Worked example — Markov is loose
Suppose X is exponential with rate 1, so E[X] = 1. Ask for P(X ≥ 10):
Markov: P(X ≥ 10) ≤ E[X]/10 = 1/10 = 10%
True value: P(X ≥ 10) = e^(-10) ≈ 0.0045%
Looseness factor: 10% / 0.0045% ≈ 2200×
Markov gives 10% but the truth is 0.0045%. That's how loose Markov can be. Why use it? Because it's the only bound that needs nothing more than the mean — distribution-free, three-line proof, every other concentration bound is built from it.
When is Markov tight?
Markov is tight when X is binary — either 0 or exactly a. Let X = a with probability p and X = 0 with probability 1 − p:
E[X] = pa
P(X ≥ a) = p
Markov says P(X ≥ a) ≤ E[X]/a = pa/a = p ✓ (equality)

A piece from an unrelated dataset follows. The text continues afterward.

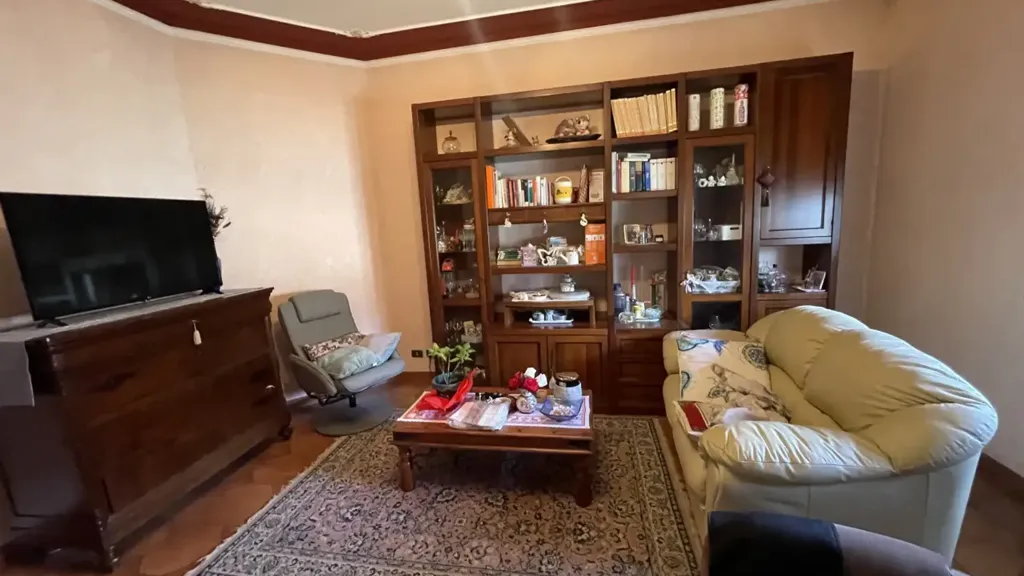 Elutuba - Villa with Garden in Suzzara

So Markov's worst case is a Bernoulli scaled to {0, a}. Any spread of probability mass between 0 and a, or any mass above a, makes Markov strictly loose. The lesson: Markov only "knows" about mean, so its tightness adversary uses mass entirely at 0 or at the threshold.

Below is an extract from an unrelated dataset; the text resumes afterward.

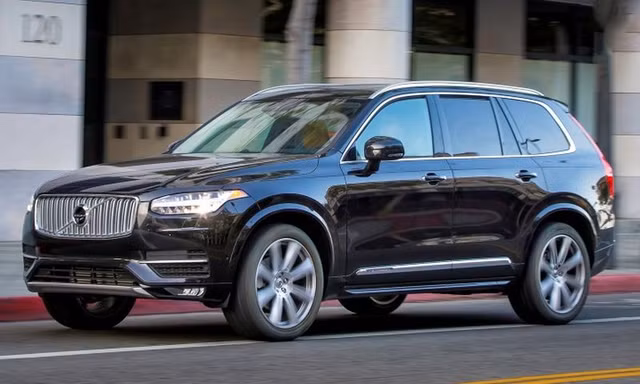 Nhiều hãng xe đua nhau giảm giá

Deriving Chebyshev from Markov
This is the trick that makes Markov so powerful — apply it to a clever transformation.
Want: P(|X − μ| ≥ kσ) ≤ 1/k²
Let Y = (X − μ)², which is non-negative. Apply Markov at a = k²σ²:
P(Y ≥ k²σ²) ≤ E[Y] / (k²σ²) = σ² / (k²σ²) = 1/k²
The event {Y ≥ k²σ²} is exactly {|X − μ| ≥ kσ}. Done.
Same recipe gives Chernoff bounds: apply Markov to e^{tX} for a parameter t > 0 to be optimized. The MGF M(t) = E[e^{tX}] becomes the numerator and you get exponential decay in a.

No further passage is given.